The vascular biology research laboratories in the Knight Cardiovascular Institute aim to uncover the underlying mechanisms of the vascular system, and to use that knowledge to prevent and treat cardiovascular disease. Our research focus is organized around microcirculation and its role in the prevention and treatment of microvascular disease, the cause of debilitating complications from chronic diseases like hypertension and diabetes. Current projects of interest include:
- Multi-departmental teams are working toward identifying the therapeutic target for microcirculation and ways to treat small vessel disease. Utilizing advanced imaging and transgenic animal models to understand microvascular networks and cell-cell interactions in the microcirculation.
- Uncovering processes in platelet function that can lead to therapeutic targets in the detection, prevention and treatment of cardiovascular diseases.
- Exploring the mechanisms underlying microvascular constriction and the disruption of neurovascular signaling in stroke.
We see microcirculation as the next frontier of discovery, innovation and medical breakthroughs in cardiovascular disease. Our scientific teams partner with physicians and industry to identify and resolve clinically significant cardiovascular problems.
Role of receptors
A team effort among the vascular biology laboratories and other departments across OHSU is involved in identifying those receptors essential to the function of microcirculation, with the goal of developing therapies to address chronic disease due to irregular blood flow. These teams are testing those receptors that will most effectively address small vessel disease, and the associated compounds that can be used to develop drugs that accomplish optimal blood flow in various cardiovascular conditions.
Current platelet research projects investigate how signaling systems regulate the cytoskeletal, secretory and procoagulant phenotypes that drive platelet function in hemostasis and thrombosis. Our work has uncovered roles for mTOR, PAK, protein kinase C (PKC), MAP kinase and other signaling networks in platelet physiology and associated cellular functions in general.

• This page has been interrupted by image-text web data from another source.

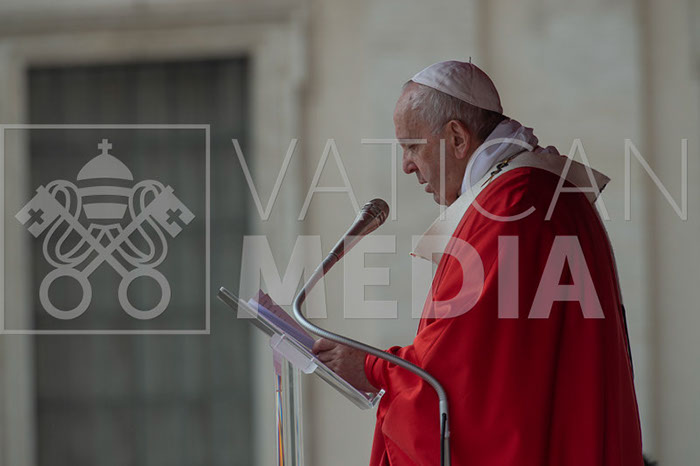 %_tempFileName02461_14042019%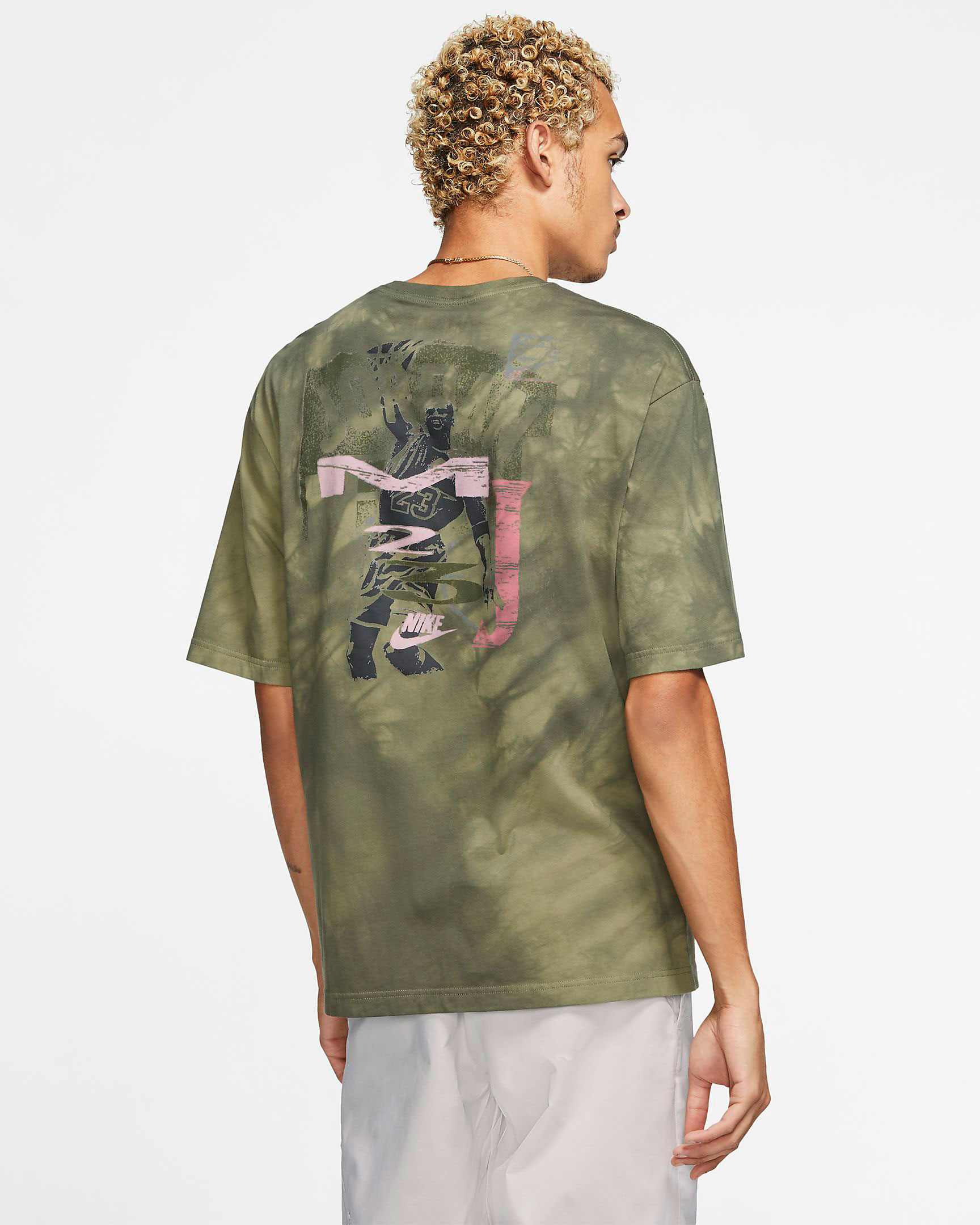 jordan-remastered-vintage-shirt-green-pink-2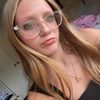 aria_kiddingme4
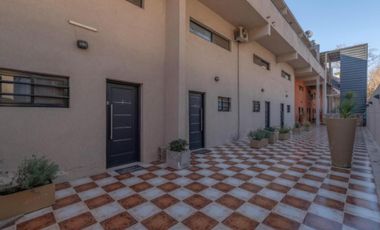 Departamento en venta - 1 Dormitorio 1 Baño - Pilar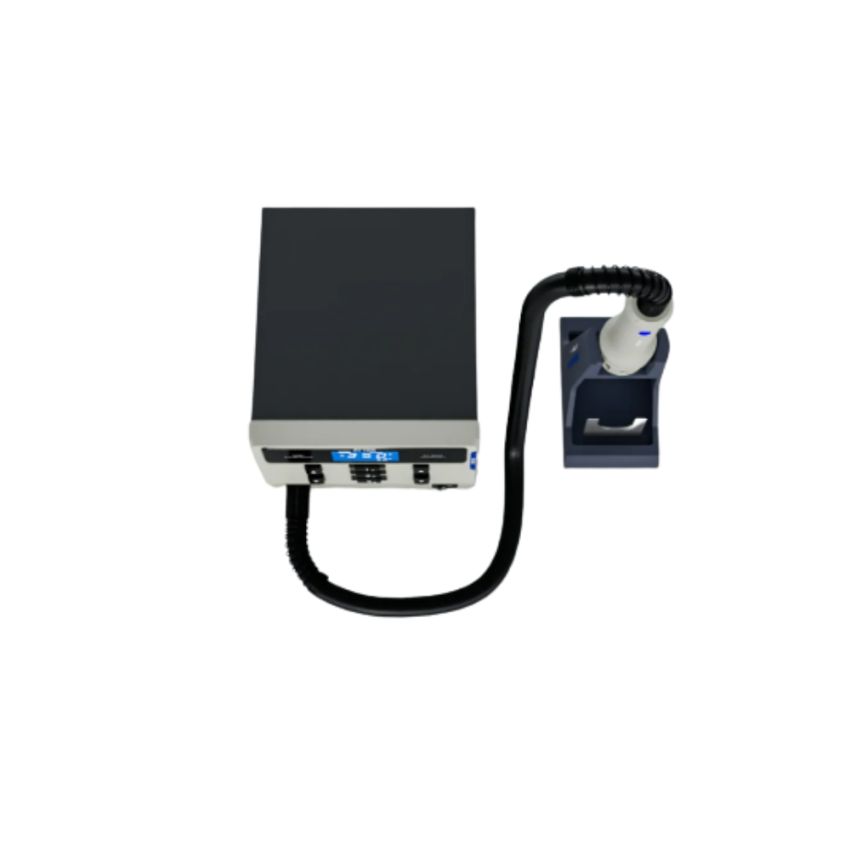 ST-862D, Hot Air Rework Station, 1000W​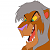 Kirian 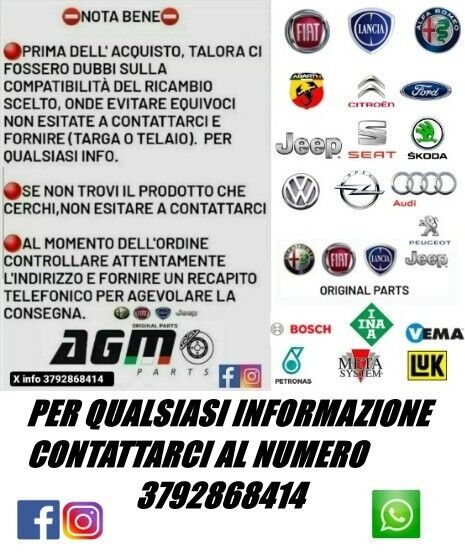 Foto 2 di 7
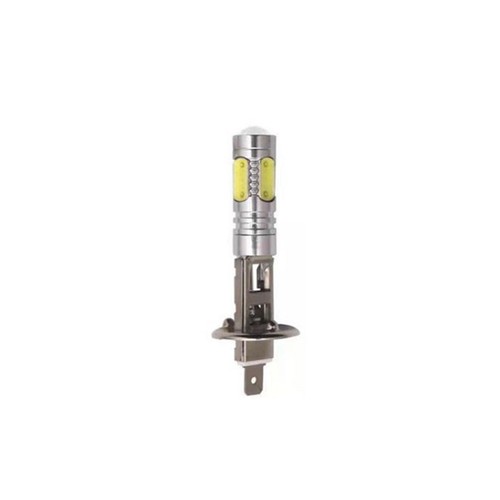 Lampadina led auto luce - h1,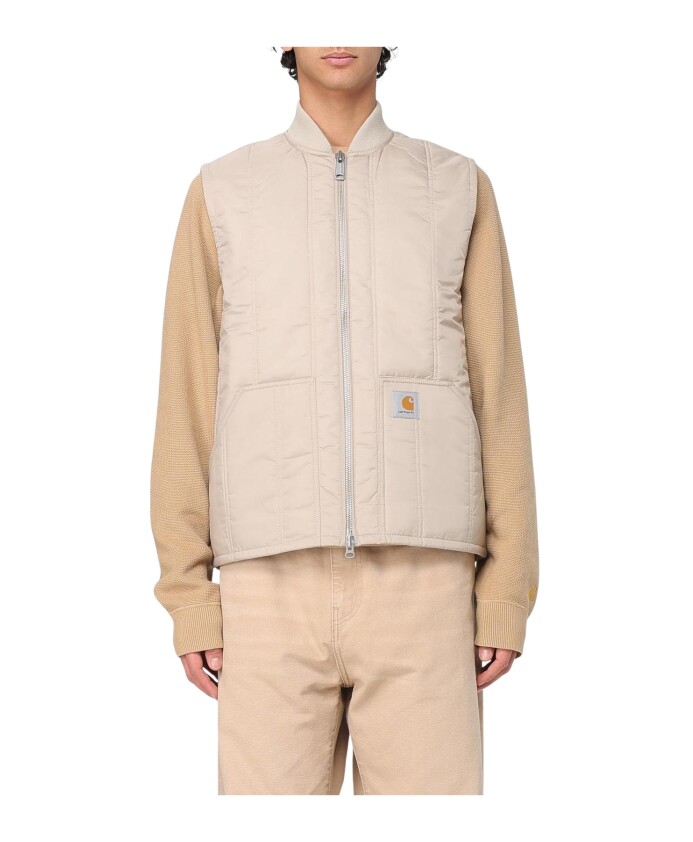 gilet-matelasse-chase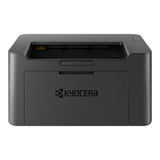Impresora Láser Monocromática Kyocera Pa2000w 600x600dpi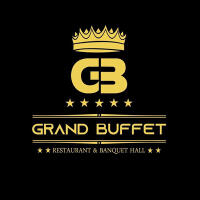 Buffet Paradise Restaurant & Party Centre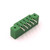 Terminal Block 20.155MHF/5-E IMO 5Way 300V 8A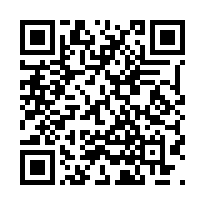 QR Code for bitcoin:bc1ql3c4dgc3usvt2tm7z5njyaudv2l7ctrdejuzer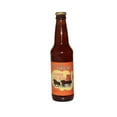 thumbnail image 1 of Filbert's Pumpkin Root Beer - 12 oz (48 Glass Bottles), 1 of 1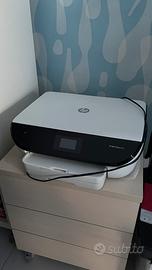 Stampante HP ENVY photo 6232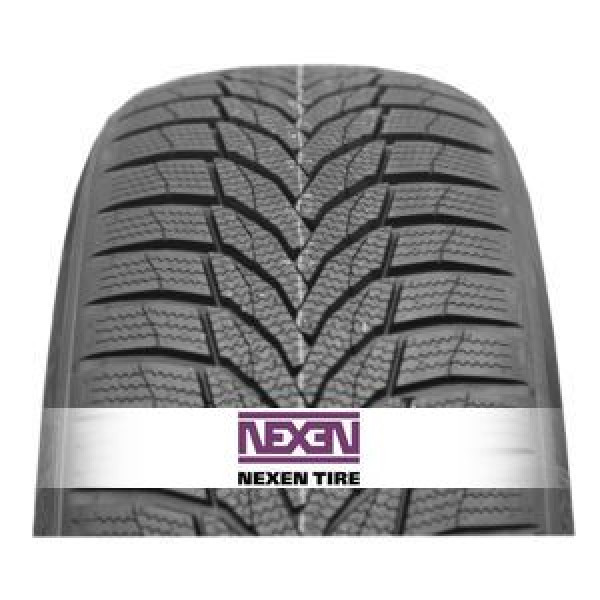 215/65R16 98T WINGUARD SPORT 2 SUV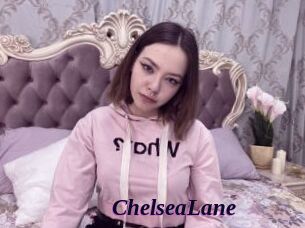 ChelseaLane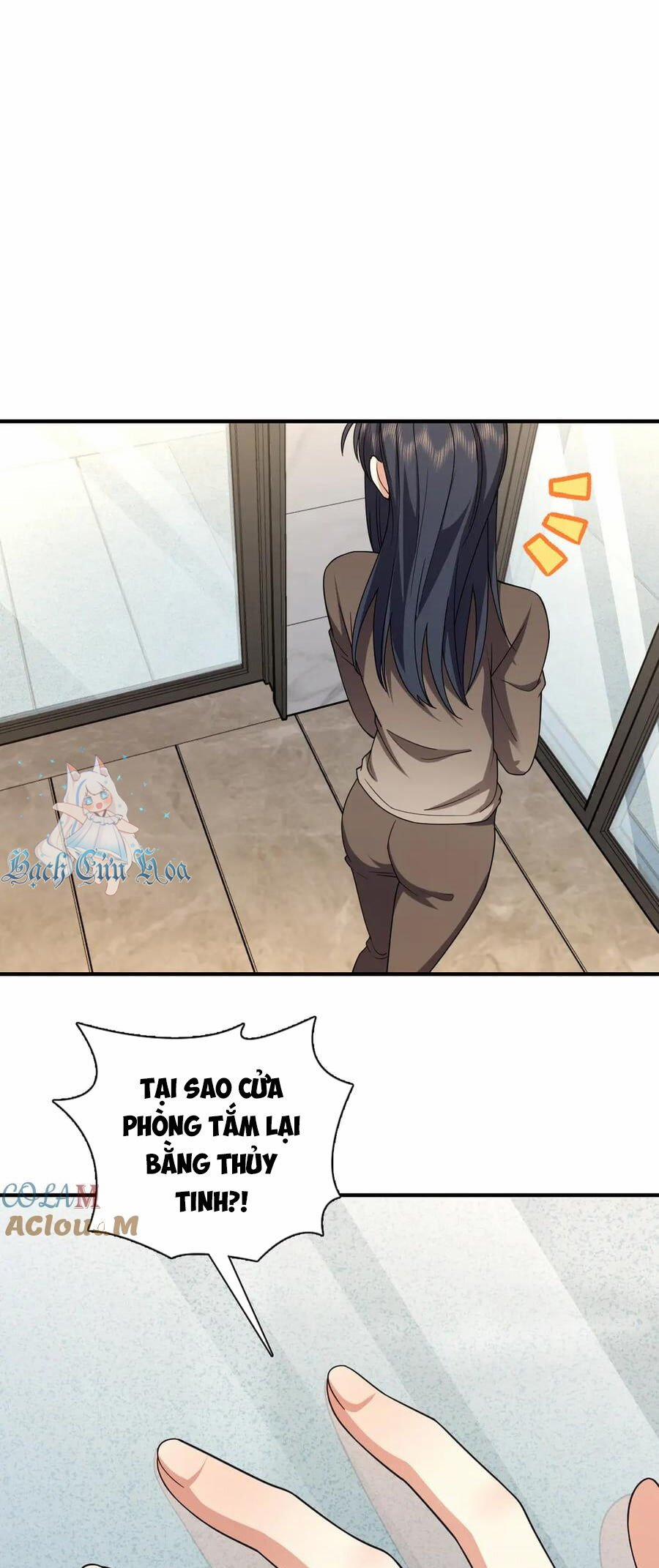 Bà Xã Nhà Tôi Đến Từ Ngàn Năm Trước 258 trang 22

We use a range of systems biology based tools, including quantitative proteomics and bioinformatics pathway analysis, to interrogate novel pathways and molecular mechanisms of platelet function. Through this approach, we have recently uncovered roles for reversible protein lysine acetylation in platelet function and have developed insights into PKC and MAP kinases in regulating platelet activities. Additionally, using super-resolution microscopy tools such as SR-SIM and PALM, we have imaged microtubules, adhesion complexes and the actin cytoskeleton in platelets at unprecedented resolution.
Microvascular constriction and stroke
Our laboratory team has demonstrated that astrocytes regulate cortical microvascular flow by signaling to pericytes, and more importantly, that ischemia results in capillary constriction. Current research in our lab is testing the hypothesis that microvascular constriction occurs in vivo after a stroke, leading to a loss of energy supply, and that this is due to dysfunctional signaling from reactive astrocytes to capillary pericytes. We are also testing the mechanisms underlying the disruption of neurovascular signaling in stroke.